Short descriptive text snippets
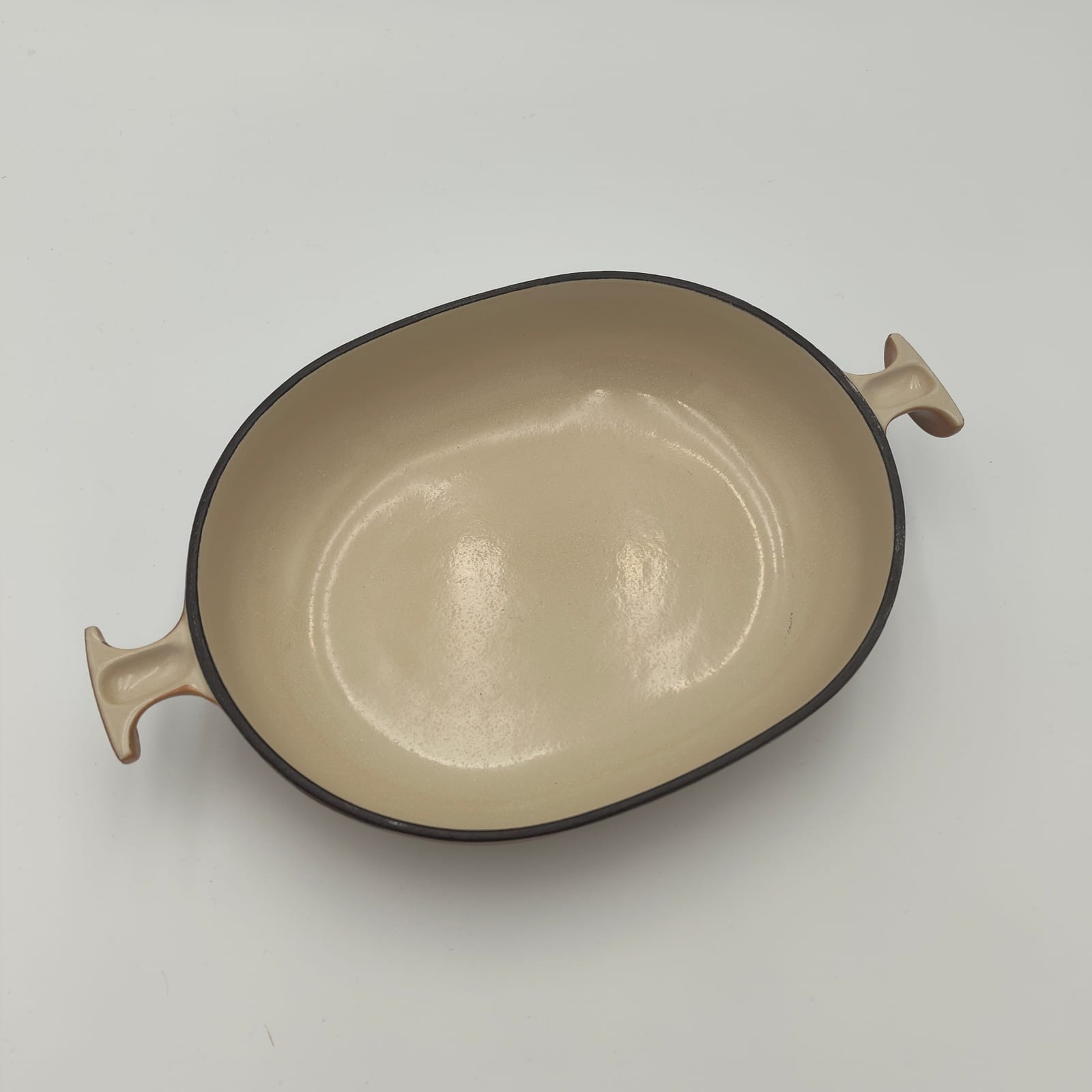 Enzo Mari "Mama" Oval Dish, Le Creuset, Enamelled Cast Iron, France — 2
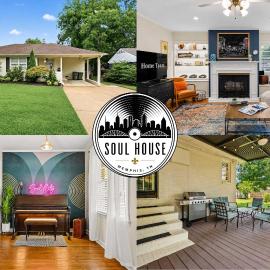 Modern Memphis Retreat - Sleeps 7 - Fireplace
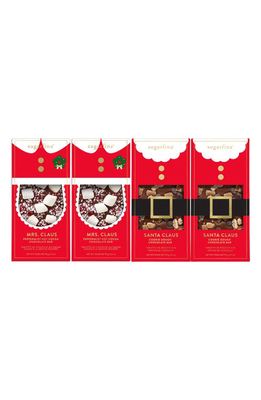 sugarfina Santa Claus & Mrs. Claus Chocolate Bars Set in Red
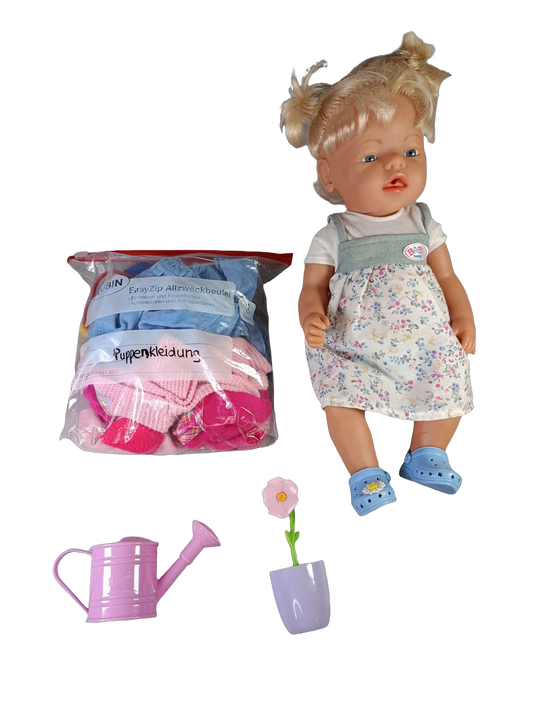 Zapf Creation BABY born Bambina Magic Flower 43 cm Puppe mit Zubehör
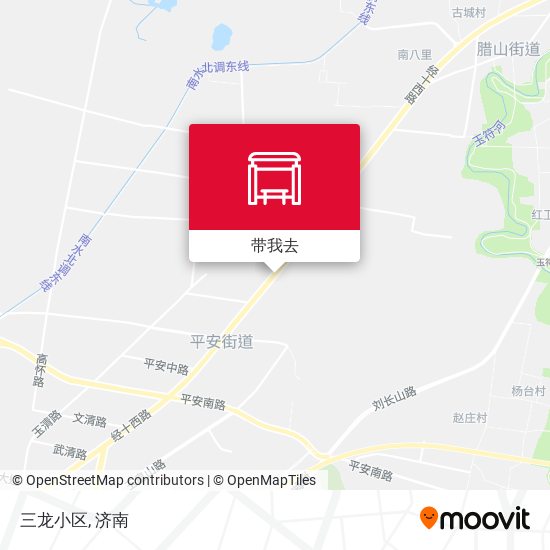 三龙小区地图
* * *
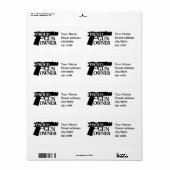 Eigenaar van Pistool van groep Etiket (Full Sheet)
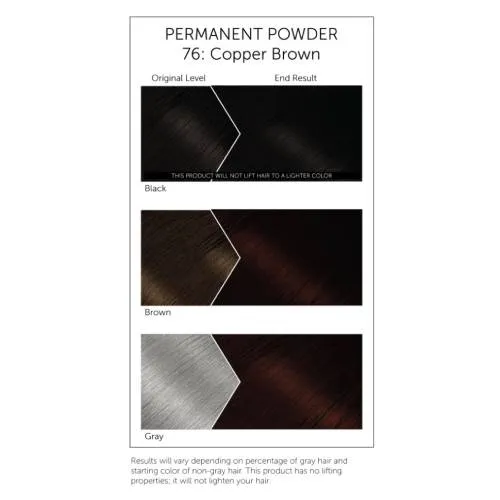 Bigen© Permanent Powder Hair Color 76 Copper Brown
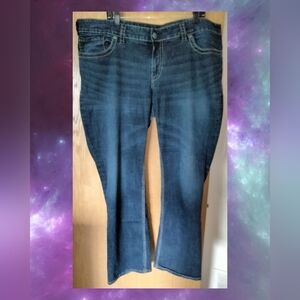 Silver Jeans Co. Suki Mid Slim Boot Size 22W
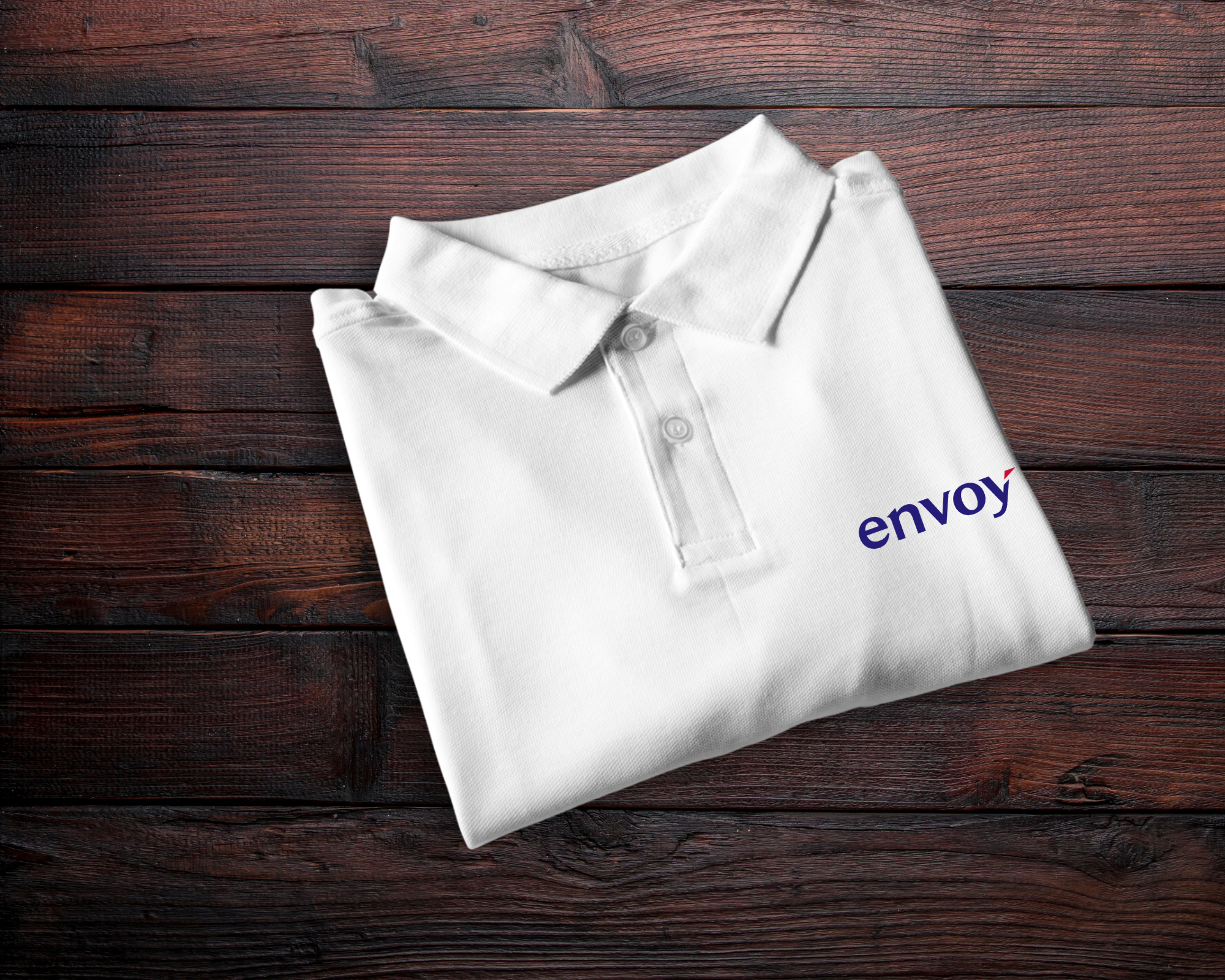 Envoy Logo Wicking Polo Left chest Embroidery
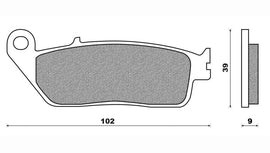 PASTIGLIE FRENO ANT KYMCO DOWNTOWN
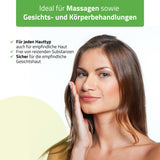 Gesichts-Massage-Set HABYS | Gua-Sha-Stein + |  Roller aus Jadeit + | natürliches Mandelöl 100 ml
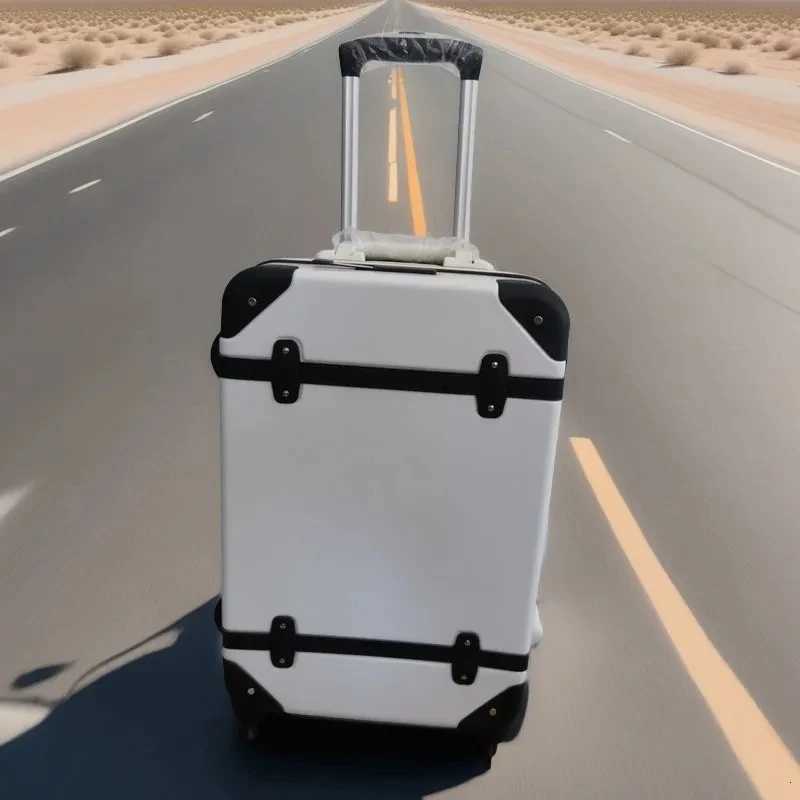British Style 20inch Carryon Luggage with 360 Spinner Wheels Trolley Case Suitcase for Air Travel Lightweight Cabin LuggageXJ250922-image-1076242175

▶ Exercise prompt: Give again the stretch of lines above from the one with "Silver Jeans Co. Suki Mid Slim Boot Size 22W" through the one with "British Style 20inch", both ends kept, and copy no pictures.

▶ Result of this exercise:
 Silver Jeans Co. Suki Mid Slim Boot Size 22W
 Envoy Logo Wicking Polo Left chest Embroidery
 PASTIGLIE FRENO ANT KYMCO DOWNTOWN
 Gesichts-Massage-Set HABYS | Gua-Sha-Stein + |  Roller aus Jadeit + | natürliches Mandelöl 100 ml
British Style 20inch Carryon Luggage with 360 Spinner Wheels Trolley Case Suitcase for Air Travel Lightweight Cabin LuggageXJ250922-image-1076242175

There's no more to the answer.